直後、モンスターは先程の様に木にぶつかるよりも前に、音を立てながらその巨体を地面に倒れ伏せた。
「……ふぅ、上手くいったみたいね」
緋翼は額の汗を拭いながら、刀を下ろす。
腕輪を確認すると、『+7Pt』と表示されていた。うん、ちゃんと討伐できている。しかも予想通りの得点だ。これはおいしい。
「あ〜もうヒヤヒヤした〜!」
そうとわかった瞬間、緊張の糸が切れた緋翼は地面にへたり込んだ。
"不知火返し"とは、緋翼が唯一使えるカウンター技で、『突っ込んでくる相手限定』という、時と場合を選ぶ微妙な使い勝手をしている。

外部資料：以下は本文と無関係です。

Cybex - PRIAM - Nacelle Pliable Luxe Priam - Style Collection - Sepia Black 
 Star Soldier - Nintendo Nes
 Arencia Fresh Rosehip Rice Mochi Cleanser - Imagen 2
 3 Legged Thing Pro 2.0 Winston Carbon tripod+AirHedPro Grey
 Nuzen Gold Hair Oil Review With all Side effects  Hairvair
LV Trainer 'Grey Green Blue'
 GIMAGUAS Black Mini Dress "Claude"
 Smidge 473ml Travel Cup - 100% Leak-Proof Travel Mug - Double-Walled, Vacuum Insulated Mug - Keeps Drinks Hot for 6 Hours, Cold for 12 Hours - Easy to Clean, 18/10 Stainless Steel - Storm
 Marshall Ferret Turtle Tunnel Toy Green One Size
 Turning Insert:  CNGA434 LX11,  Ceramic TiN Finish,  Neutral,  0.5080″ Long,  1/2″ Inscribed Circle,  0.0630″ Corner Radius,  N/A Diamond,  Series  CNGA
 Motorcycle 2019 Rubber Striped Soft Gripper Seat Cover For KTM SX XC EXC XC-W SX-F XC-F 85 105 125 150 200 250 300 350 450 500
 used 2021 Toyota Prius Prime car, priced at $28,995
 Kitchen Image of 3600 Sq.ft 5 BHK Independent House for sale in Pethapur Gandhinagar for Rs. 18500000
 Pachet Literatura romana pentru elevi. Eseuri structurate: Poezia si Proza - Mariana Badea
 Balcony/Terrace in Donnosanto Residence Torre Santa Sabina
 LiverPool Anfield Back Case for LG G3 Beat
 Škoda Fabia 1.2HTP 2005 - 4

とはいえ、その威力は相手の突進の速さや勢いに比例して何倍にも膨れ上がるため、相手によっては緋翼の技の中で最高火力となりうる代物だ。
だがしかし、もしタイミングを違えれば、相手の攻撃に直撃することになるという一か八かの大技でもある。
今回は上手くいったが、いつも上手くいくとは限らない。だから正直、この猪とはもうやり合いたくな──
『ブルル……』
「えっ」
そんな緋翼の元に、新手のモンスターが現れた。それは猪の様な見た目をしており、鼻を鳴らしながら、真っ直ぐに緋翼を見据えている。──まるで、今にも突進しそうな雰囲気で。
「この、"不知火返し"ぃぃぃ!!」
こうして緋翼は、若干泣き目になりながらも、再び刀を振るうのだった。